> **Given information**:

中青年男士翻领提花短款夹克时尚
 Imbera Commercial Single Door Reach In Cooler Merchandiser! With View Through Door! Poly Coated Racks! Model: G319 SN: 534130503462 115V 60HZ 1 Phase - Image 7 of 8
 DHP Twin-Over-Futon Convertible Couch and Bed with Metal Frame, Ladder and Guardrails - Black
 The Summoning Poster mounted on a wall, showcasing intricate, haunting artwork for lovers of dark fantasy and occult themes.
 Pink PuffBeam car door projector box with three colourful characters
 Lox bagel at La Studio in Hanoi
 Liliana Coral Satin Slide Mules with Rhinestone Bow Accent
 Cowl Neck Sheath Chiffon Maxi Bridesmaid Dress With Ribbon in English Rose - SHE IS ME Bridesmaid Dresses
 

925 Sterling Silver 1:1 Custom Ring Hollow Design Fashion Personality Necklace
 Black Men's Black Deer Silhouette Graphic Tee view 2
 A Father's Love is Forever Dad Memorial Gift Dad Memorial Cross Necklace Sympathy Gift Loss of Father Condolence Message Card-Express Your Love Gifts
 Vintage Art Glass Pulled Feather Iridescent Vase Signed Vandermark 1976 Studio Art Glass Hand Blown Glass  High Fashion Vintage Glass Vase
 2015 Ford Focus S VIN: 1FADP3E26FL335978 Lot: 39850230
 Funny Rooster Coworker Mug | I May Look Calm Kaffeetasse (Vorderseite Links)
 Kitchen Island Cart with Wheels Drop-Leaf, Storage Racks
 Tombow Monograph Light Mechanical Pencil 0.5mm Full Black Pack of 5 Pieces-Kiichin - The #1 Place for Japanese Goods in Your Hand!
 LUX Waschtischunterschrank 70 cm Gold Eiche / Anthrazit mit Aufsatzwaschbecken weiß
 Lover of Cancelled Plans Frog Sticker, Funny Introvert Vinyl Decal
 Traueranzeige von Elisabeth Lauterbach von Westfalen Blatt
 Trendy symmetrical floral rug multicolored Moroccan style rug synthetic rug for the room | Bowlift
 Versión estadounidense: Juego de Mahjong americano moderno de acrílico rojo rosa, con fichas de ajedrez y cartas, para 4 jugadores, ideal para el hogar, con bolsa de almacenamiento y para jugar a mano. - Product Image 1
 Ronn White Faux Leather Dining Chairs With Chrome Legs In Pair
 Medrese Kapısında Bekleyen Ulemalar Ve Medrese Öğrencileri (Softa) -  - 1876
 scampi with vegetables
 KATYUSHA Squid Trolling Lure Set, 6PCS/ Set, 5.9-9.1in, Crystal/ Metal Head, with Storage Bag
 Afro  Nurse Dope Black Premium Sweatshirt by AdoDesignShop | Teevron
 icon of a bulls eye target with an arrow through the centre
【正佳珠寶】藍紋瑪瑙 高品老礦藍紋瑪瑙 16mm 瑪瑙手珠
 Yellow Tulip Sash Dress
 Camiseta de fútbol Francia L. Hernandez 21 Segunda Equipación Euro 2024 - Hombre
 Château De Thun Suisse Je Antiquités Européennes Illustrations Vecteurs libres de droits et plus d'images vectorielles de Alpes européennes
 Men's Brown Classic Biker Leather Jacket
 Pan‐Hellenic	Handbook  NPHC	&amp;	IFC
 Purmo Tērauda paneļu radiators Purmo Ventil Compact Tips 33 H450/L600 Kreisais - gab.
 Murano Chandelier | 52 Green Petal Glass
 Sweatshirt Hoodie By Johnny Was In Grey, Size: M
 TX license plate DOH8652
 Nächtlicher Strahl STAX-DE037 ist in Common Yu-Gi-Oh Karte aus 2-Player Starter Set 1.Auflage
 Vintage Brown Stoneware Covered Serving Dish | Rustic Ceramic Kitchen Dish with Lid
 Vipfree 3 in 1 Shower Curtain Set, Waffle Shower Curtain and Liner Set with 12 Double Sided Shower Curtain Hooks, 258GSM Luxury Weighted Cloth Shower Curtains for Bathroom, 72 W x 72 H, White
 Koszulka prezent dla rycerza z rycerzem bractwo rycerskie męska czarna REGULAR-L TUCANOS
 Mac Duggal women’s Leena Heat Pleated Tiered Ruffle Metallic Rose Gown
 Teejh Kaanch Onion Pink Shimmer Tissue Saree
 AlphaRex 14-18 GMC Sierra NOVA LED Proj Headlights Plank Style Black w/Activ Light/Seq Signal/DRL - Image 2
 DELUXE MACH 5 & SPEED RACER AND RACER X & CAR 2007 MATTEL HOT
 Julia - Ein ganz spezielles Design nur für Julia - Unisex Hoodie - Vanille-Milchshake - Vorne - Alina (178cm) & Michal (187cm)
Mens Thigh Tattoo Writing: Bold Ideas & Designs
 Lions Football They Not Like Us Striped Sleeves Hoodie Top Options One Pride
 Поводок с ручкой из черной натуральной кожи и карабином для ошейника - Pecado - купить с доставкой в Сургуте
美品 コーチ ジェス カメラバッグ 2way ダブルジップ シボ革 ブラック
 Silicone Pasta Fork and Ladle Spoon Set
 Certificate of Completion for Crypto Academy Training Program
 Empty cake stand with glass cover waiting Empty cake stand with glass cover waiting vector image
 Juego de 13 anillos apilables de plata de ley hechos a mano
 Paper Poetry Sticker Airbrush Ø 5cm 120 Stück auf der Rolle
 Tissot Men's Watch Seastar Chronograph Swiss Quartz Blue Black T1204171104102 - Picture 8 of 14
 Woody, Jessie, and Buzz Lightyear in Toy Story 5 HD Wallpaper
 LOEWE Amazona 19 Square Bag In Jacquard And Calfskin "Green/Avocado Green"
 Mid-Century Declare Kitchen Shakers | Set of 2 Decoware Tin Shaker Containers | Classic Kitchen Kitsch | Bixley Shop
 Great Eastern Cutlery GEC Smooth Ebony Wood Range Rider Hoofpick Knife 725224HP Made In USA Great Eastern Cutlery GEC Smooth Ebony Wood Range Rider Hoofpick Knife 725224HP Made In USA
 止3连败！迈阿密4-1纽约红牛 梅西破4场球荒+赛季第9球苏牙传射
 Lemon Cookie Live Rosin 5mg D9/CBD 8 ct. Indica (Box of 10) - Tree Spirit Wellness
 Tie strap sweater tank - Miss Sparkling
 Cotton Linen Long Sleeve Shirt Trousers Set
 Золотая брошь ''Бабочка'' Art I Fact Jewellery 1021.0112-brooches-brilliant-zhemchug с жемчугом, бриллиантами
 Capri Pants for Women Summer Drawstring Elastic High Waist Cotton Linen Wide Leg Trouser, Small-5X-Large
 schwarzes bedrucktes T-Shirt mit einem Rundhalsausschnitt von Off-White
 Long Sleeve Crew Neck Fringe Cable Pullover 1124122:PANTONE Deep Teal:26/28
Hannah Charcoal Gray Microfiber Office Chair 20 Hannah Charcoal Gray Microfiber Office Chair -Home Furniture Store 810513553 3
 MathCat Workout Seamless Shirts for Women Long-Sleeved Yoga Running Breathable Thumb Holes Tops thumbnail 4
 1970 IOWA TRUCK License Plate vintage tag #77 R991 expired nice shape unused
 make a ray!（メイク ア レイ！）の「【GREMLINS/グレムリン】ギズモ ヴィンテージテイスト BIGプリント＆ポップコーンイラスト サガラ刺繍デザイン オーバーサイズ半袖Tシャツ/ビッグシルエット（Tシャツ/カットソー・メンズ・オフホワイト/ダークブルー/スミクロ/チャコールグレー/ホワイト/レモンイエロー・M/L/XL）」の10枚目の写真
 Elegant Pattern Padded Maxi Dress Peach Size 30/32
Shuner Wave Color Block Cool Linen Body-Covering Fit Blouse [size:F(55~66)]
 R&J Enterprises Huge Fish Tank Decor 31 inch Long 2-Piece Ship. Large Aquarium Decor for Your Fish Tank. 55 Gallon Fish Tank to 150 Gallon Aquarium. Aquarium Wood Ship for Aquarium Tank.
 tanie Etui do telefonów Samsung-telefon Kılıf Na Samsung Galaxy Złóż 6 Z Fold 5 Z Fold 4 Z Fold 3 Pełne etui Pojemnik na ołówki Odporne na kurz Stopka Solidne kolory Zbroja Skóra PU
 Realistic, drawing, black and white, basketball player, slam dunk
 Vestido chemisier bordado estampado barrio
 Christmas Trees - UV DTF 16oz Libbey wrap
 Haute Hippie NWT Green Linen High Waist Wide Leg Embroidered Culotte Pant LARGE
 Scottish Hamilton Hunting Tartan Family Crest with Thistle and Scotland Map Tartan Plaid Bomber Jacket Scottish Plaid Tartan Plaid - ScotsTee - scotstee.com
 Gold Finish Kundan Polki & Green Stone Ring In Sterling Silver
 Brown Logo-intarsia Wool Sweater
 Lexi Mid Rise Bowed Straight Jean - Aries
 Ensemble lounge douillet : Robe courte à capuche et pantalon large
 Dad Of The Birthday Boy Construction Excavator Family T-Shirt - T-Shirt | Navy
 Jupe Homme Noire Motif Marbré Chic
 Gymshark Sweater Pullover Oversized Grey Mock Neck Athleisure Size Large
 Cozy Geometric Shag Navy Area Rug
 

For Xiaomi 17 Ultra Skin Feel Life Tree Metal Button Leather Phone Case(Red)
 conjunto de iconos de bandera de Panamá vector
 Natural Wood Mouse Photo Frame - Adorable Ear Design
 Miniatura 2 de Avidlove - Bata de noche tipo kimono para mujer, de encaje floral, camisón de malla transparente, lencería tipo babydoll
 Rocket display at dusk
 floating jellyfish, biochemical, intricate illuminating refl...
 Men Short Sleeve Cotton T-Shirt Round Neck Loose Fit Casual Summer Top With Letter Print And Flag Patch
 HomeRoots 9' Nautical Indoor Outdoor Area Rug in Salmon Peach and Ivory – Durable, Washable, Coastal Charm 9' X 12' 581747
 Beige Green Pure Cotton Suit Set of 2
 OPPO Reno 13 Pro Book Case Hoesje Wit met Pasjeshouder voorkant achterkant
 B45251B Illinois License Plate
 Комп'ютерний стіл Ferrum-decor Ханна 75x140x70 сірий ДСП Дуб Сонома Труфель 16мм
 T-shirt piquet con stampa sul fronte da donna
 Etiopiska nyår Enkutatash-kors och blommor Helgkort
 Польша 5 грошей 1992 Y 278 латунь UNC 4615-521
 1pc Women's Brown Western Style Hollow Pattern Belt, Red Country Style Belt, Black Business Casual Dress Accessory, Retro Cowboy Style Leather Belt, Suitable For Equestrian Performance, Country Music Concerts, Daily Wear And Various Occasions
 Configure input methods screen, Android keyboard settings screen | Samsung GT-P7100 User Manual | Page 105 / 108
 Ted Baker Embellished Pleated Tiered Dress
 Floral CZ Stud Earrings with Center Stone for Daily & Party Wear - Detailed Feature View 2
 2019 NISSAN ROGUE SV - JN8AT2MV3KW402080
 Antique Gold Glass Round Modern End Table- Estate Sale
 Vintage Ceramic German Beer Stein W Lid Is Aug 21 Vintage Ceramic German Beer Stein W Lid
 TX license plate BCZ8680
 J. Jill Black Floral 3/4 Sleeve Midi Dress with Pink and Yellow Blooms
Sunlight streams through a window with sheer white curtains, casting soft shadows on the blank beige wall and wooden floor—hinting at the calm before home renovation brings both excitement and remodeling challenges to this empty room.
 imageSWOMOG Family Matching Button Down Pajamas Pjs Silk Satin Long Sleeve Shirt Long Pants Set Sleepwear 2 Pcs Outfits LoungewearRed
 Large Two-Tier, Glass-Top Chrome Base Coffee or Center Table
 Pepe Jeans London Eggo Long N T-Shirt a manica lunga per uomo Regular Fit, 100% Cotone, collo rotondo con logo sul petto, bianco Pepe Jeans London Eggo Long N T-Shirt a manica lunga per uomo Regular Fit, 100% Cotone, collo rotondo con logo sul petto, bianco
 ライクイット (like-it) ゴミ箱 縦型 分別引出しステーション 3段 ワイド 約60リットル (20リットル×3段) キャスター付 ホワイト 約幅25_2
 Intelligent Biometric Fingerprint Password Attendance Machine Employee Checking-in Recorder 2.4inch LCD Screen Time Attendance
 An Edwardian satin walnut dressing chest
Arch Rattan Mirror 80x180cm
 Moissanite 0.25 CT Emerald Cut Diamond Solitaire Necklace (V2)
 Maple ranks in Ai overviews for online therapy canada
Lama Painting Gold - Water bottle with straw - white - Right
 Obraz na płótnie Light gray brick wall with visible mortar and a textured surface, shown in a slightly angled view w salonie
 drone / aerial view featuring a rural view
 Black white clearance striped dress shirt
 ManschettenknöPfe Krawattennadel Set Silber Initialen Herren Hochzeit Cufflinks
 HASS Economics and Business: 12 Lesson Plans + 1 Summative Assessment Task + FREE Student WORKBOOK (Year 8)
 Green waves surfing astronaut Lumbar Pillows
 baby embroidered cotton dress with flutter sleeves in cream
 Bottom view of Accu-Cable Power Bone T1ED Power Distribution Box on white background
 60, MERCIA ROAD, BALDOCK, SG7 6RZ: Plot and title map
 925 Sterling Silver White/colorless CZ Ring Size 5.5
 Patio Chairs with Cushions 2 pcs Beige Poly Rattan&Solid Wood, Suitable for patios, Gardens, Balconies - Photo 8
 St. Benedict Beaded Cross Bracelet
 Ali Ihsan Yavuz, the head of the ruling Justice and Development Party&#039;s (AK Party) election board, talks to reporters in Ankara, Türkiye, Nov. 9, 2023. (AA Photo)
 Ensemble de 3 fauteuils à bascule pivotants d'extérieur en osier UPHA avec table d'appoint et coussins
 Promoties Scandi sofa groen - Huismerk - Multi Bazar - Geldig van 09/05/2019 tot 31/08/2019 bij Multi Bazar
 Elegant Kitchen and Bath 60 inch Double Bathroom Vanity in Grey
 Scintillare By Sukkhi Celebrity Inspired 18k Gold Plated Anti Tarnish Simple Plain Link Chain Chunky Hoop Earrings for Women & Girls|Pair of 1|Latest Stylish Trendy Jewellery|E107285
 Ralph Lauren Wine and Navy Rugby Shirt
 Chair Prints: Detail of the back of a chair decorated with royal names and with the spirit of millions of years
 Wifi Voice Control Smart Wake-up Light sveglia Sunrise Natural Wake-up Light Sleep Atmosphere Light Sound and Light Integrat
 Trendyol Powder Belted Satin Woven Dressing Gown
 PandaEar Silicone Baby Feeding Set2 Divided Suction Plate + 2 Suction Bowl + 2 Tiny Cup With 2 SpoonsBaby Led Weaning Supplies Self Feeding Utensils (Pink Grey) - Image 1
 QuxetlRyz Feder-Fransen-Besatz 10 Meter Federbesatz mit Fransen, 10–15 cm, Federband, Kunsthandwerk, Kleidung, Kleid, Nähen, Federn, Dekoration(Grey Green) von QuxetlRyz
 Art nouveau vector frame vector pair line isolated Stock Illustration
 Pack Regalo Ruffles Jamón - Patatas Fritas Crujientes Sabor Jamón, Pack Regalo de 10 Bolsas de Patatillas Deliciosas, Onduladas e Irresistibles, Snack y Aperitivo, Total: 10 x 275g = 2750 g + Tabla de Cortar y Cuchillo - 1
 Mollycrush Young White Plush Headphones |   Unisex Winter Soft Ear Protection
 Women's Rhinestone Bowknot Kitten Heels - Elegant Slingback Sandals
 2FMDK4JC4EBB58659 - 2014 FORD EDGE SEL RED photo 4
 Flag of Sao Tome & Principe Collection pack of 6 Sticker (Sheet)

> **Instructions to follow**:
In the listing above, locate the line containing "Murano Chandelier | 52 Green Petal Glass" and the line containing "Paper Poetry Sticker". Extract those two lines and every line between them, exactly as written, and only those.

> **Response**:
 Murano Chandelier | 52 Green Petal Glass
 Sweatshirt Hoodie By Johnny Was In Grey, Size: M
 TX license plate DOH8652
 Nächtlicher Strahl STAX-DE037 ist in Common Yu-Gi-Oh Karte aus 2-Player Starter Set 1.Auflage
 Vintage Brown Stoneware Covered Serving Dish | Rustic Ceramic Kitchen Dish with Lid
 Vipfree 3 in 1 Shower Curtain Set, Waffle Shower Curtain and Liner Set with 12 Double Sided Shower Curtain Hooks, 258GSM Luxury Weighted Cloth Shower Curtains for Bathroom, 72 W x 72 H, White
 Koszulka prezent dla rycerza z rycerzem bractwo rycerskie męska czarna REGULAR-L TUCANOS
 Mac Duggal women’s Leena Heat Pleated Tiered Ruffle Metallic Rose Gown
 Teejh Kaanch Onion Pink Shimmer Tissue Saree
 AlphaRex 14-18 GMC Sierra NOVA LED Proj Headlights Plank Style Black w/Activ Light/Seq Signal/DRL - Image 2
 DELUXE MACH 5 & SPEED RACER AND RACER X & CAR 2007 MATTEL HOT
 Julia - Ein ganz spezielles Design nur für Julia - Unisex Hoodie - Vanille-Milchshake - Vorne - Alina (178cm) & Michal (187cm)
Mens Thigh Tattoo Writing: Bold Ideas & Designs
 Lions Football They Not Like Us Striped Sleeves Hoodie Top Options One Pride
 Поводок с ручкой из черной натуральной кожи и карабином для ошейника - Pecado - купить с доставкой в Сургуте
美品 コーチ ジェス カメラバッグ 2way ダブルジップ シボ革 ブラック
 Silicone Pasta Fork and Ladle Spoon Set
 Certificate of Completion for Crypto Academy Training Program
 Empty cake stand with glass cover waiting Empty cake stand with glass cover waiting vector image
 Juego de 13 anillos apilables de plata de ley hechos a mano
 Paper Poetry Sticker Airbrush Ø 5cm 120 Stück auf der Rolle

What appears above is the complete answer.